Spinach and Radishe Salad


If you time it correctly, you should have spinach and radishes come out of your garden now. Both radish and spinach are cold tolerant vegetables, meaning they can be planted before the "end of the last spring frost" whenever that happen to be. I made a perfect salad for lunch today with the spinach and radishes I harvested from my garden. Dressing is 1/4 C. ranch, 1 T. pesto and 1 T. butter milk. Yummm, it was a very edible salad!

Spinach and Onion, happily grown together


Spinach is one of the first things you can eat out of your garden. They can be sown as soon as the ground is workable. Mild frost would not hurt them.

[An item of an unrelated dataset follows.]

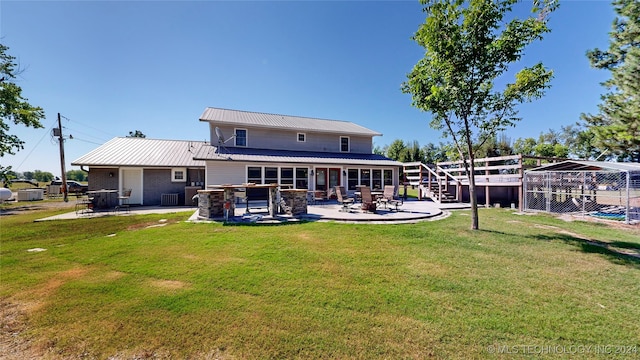 rear view of property with a yard, a patio, and area for grilling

I usually sow my spinach the same time I plant my onion sets. This year, to experiment with inter-cropping, I sowed my spinach in between my rows of onions. The result is great. Spinach grow fast, they cover the ground when onions are still small-saves space and suppresses weeds. It is a win-win!


When the spinach is 3-4" tall, I just cut the leaves with a pair of scissors and let the plant grow more leaves.

Tomatos planted

From end of March to the beginning of May, soil temperature remained at 50F. Under the minihooper, it is 6By now the soil 60F. Now the soil temperature is a steady 60 F, and inside the minihooper it is 70F. I have transplanted my tomato plants, beans are about 3" tall, both are under the minihooper. This year I got quite a few heirloom varieties of tomatoes, looking forward for a taste test in the summer. The Sungold already has a cluster of blooms on.

At 60F, the soil temperature is still too cold for cucumbers. Since there is a lot of space inside the minihooper, I placed some cucumber trays inside the minihooper. This way they will be germinating inside the minihooper and can be hardened off easily. I also started a bed of lettuce that has green and red lettuce and mizuna. The arugula I planted in early march are spent, and needs to be replaced.